A l’époque victorienne, dès l’âge de 17 ou 18 ans, les jeunes filles de bonne famille originaires de Grande-Bretagne n’avaient qu’un obsession : se marier. C’était bien compréhensible tant le sort réservé aux femmes célibataires était peu enviable : perpétuelles mineures, elles étaient dépourvues des droits les plus élémentaires : droit de vote ou de gérer leur patrimoine. C’est à peine si elles pouvaient s’engager comme gouvernante, dame de compagnie ou infirmière.

 

Néanmoins les vieilles filles ne manquaient pas. Faute de revenus réguliers, beaucoup de garçons britanniques en âge de convoler renonçaient à fonder un foyer ou s’exilaient. Entre 1851 et 1911, une femme sur trois âgée de 35 ans était célibataire. Or l’empire offrait opportunément une échappatoire aux demoiselles dénuées de fortune ou de beauté. Pour qu’elles aient dan sleur entourage un parent ou un ami installé aux Indes, le voyage lointain devenait la chance de leur vie. Le marché du mariage battait son plein en Orient. En effet dans le British Raj, l’empire des Indes, les convenances ne permettaient pas aux Britanniques qu’ils aient été civils ou militaires, d’épouser des autochtones. Passé trente ans, les hommes attendaient donc avec impatience les jeunes filles arrivées tout exprès de la métropole pour leur tomber dans les bras.

Dans The Fishing Fleet, un instructif essai, la journaliste et écrivaine à succès Anne de Courcy, rend hommage aux cortèges des jeunes filles qui n’ont pas hésité à quitter le pays natal, parfois sous la contrainte de la famille, pour se rendre dans une contrée inconnue et souvent hostile, quoique fascinante. Se lancer dans l’aventure exigeait en fait soit beaucoup d’insoncscience, soit un grain de folie. Anne de Courcy s’est inspirée de textes intimes inédits, journaux personnels, autobiographies ou correspondances pour célébrer l’audace de jeunes femmes de Fishing Fleet, la flotille de pêche, expression imagée désignant les pelotons de célibataires en quête d’un mari.

 

Pendant la colonisation, les femmes n’ont officiellement jamais rempli aucun rôle politique, ni commercial. Fondé en 1858, le Raj a été exclusivement gouverné par des hommes, pris dans un système pyramidal pointilleux, remontant jusqu’au Vice-roi. Pourtant dans sa témérité et le sang froid des femmes installées en Inde, la société victorienne n’aurait pu se prévaloir de tant d’influence. Les préjugés de race ou de sexe étaient si prégnants dans le Raj que les femmes paraissent exclues de son histoire. Rendre accessible dans un ouvrage de vulgarisation les pratiques matrimoniales et l’organisation familiale des britanniques en mission dans les colonies est une manière originalede révéler les non dits d’un système injuste et inégalitaire. Avant l’ouverture du canal de Suez en 1869, les jeunes demoiselles qui montaient à bord d’un navire de la compagnie britannique des Indes orientales, au confort rudimentaire, ignoraient souvent à quel point leur passage serait éprouvant. En effet, dans ces bateaux inconfortables, dépourvus de système de stabilisation, les voyageurs étaient en proie au mal de mer quasiment durant quatre mois de traversée.

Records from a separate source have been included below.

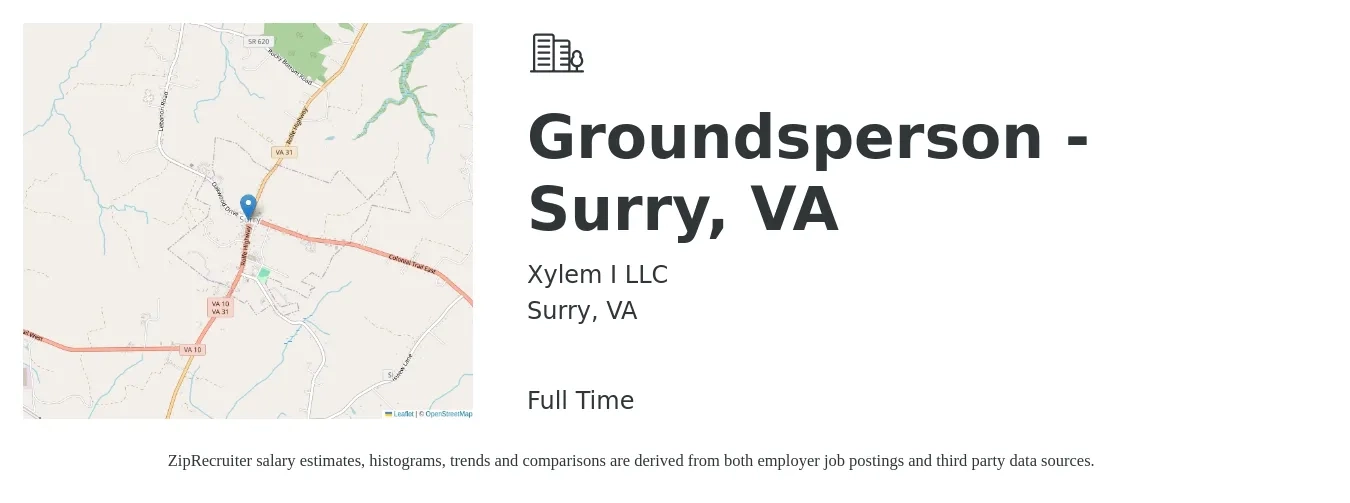 Xylem I LLC job posting for a Groundsperson - Surry, VA in Surry, VA with a salary of $22 to $28 Hourly with a map of Surry location.
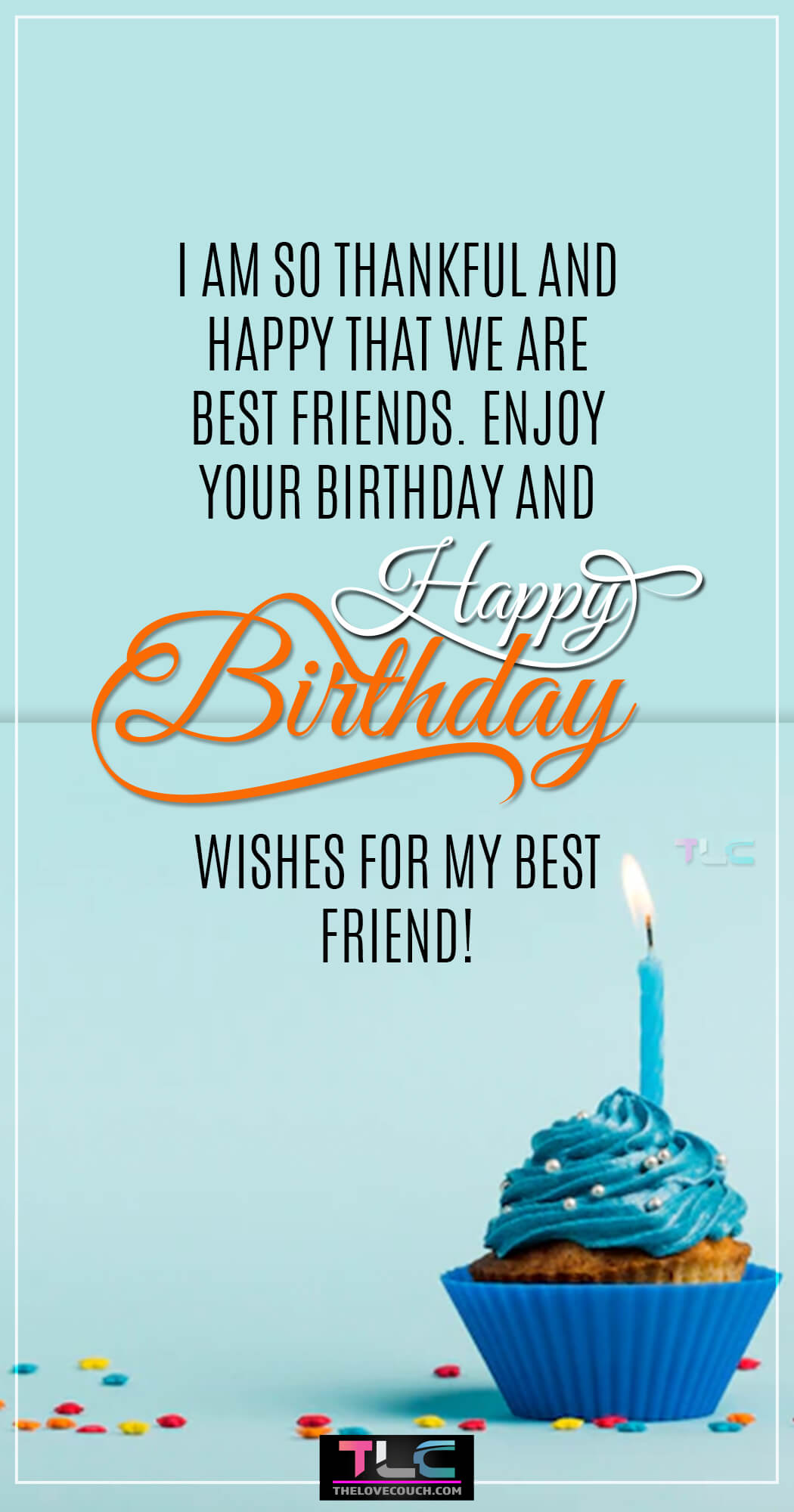 I am so thankful and happy that we are best friends. Enjoy your birthday and happy birthday wishes for my best friend!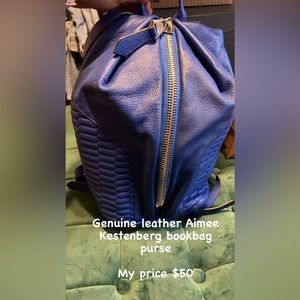 Gently used Genuine Leather Aimee Kestenburg bookbag purse w/ dustbag.
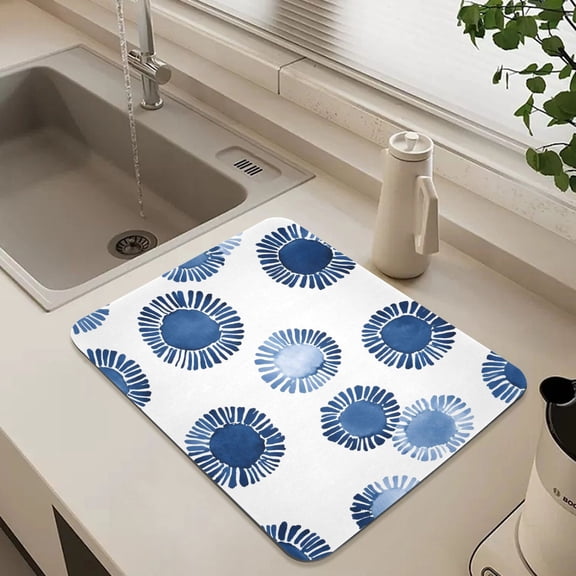 Indigo Blue Print on White Dish Drying Mat for Kitchen Counter Absorbent Drainer Mats (15.7X11.8Inch)
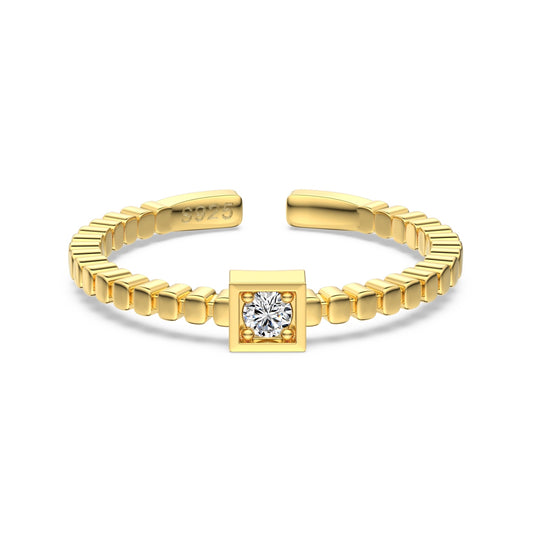 Inel Square Spark – Argint 925 (placare aur 18K)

Le voyage était pourles jeunes filles un rituel d’initiation plus risqué mais également plus excitant qu’une présentation à la cour. Elles débarquaient finalement à Bombay, à Calcutta ou à Madras sur les quais surpeuplés et se trouvaient suffoquées par la chaleur et la lumière intense. Peu après, elles étaient éblouies par le chatoiement des soies et des mousselines ou par la beauté des bijoux et des peaux de tigres. Elles avaient souvent la satisfaction de se marier très vite et d’être invitées pendant leur lune de miel aux multiples fêtes ou aux parties de polo organisées dans les villes de la communauté britannique ou par les maharajahs. Il n’était pas rare, d’ailleurs, qu’elles participent à une pittoresque et dangereuse chasse au tigre. C’était le côté enchanteur de leur aventure.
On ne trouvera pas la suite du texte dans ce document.